Inhaler have undoubtedly slogged their way through their fair share of pub and club gigs. Still, as they began to do interviews two years ago, Hewson acknowledged that they’re inevitably in the shadow of the biggest four-piece rock band in the world. How does he feel now?
“I don’t know if we’re stepping out of theirs, I just think our shadow’s just getting bigger,” he says.
“But even with that, we don’t feel the shadow of U2,” adds Keating. “It’s just a fact. Of course we’re in U2’s shadow. Any Irish band is – Fontaines [DC] are. Unfortunately, Eli’s f***ing dad happens to be in the band with the big shadow!”
Hewson grins. “He’s actually quite a small lad in person. I’ve got a bigger shadow!”
Last week, we talked again. Inhaler had just landed from New York, where they’d filmed a performance for Late Night with Seth Meyers. A couple of hours later, Hewson is on the roof of his sister Jordan’s flat in Swiss Cottage, smoking a homemade cigarette so fat that I fancy I can smell it through the Zoom.
Since we last spoke, the “nepo baby” conversation, about the privileges of nepotism enjoyed by the performing offspring of artists, has gone viral after an American magazine story. Hewson’s sister Eve, an actress who was one fo the stand-outs in Sharon Horgan’s Apple TV+ comedy-drama Bad Sisters, has had some social media fun with the accusations.
“Actually pretty devastated I’m not featured in the nepo baby article like haven’t they seen my hit show Bad Sisters???” she tweeted. “The NERVE.”
“She loves getting involved in it. But I’m a very mini nepo baby,” her little brother says, smiling and exhaling smoke. “It doesn’t bother me, man.
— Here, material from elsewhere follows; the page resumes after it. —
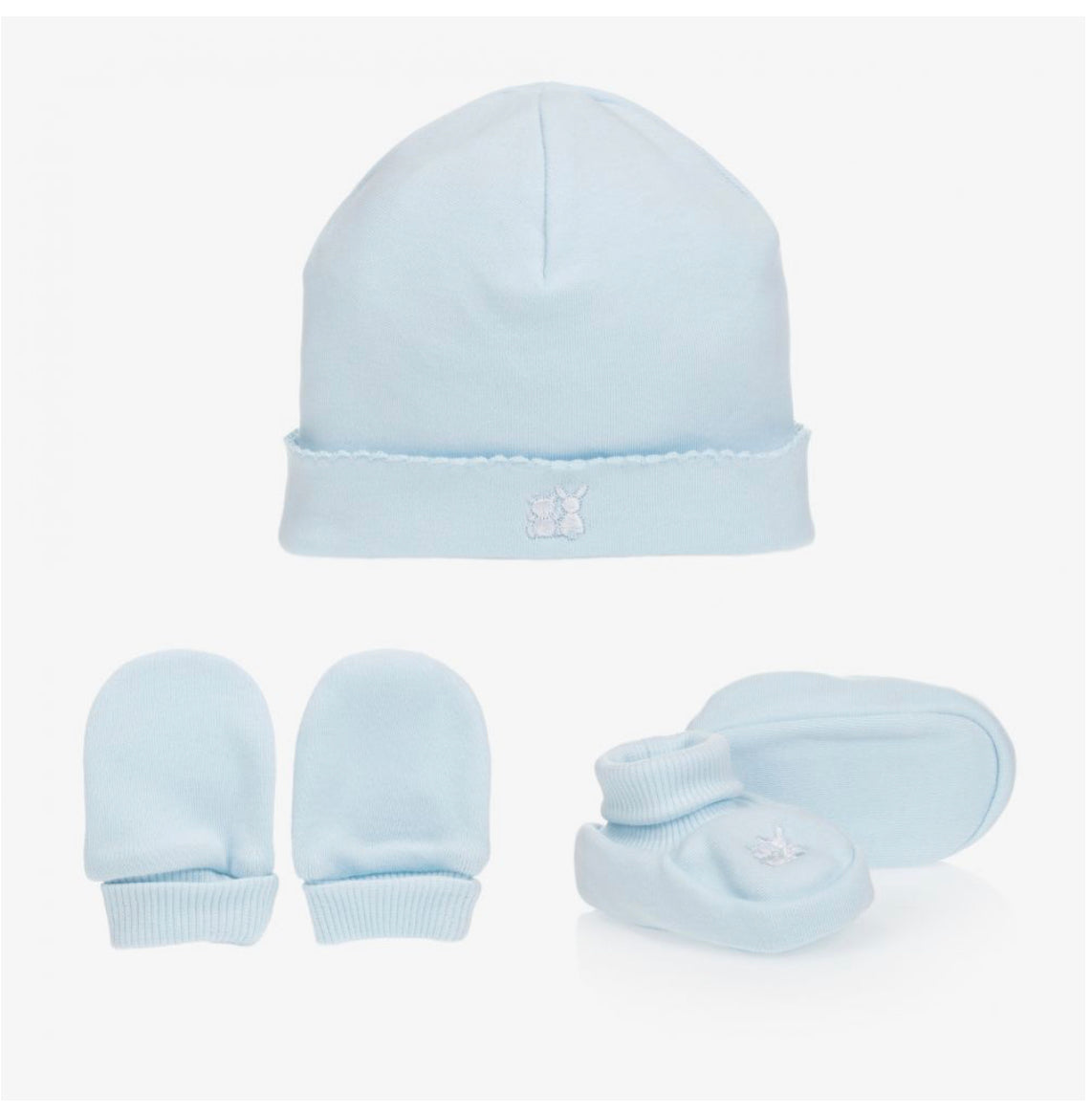 Emile et Rose Baby Blue Hat, Mittens & Booties Gift set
It doesn’t change the fact that I want to do music, and that it’s what I love.
“You just have to wear your advantages on your sleeve, because there are a lot of them,” he adds. “But they don’t mean that people are gonna listen to your music or come to your gigs.” Or, indeed, give you a number one album.
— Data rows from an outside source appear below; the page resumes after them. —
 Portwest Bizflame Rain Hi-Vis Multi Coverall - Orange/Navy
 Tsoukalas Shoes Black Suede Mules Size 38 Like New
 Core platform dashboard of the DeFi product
He’s equally relaxed with the fact that, whatever the haircut similarities at any given time, he’s unavoidably going to sound like dad – a fact driven home on the new, stripped-back version of Pride (In The Name of Love) that U2 release the day before we speak as the lead single from Surrender, a compilation to accompany the auld lad’s autobiography.
“It’s always funny when people go: ‘My God, he sounds just like his dad.’ Or: ‘He looks just like his dad.’ Yeah, I came out of his f*cking…” he trails off, laughing, mindful that mum might be reading. “So I’m definitely at peace with that. It’s not a bad thing to sound like Bono.”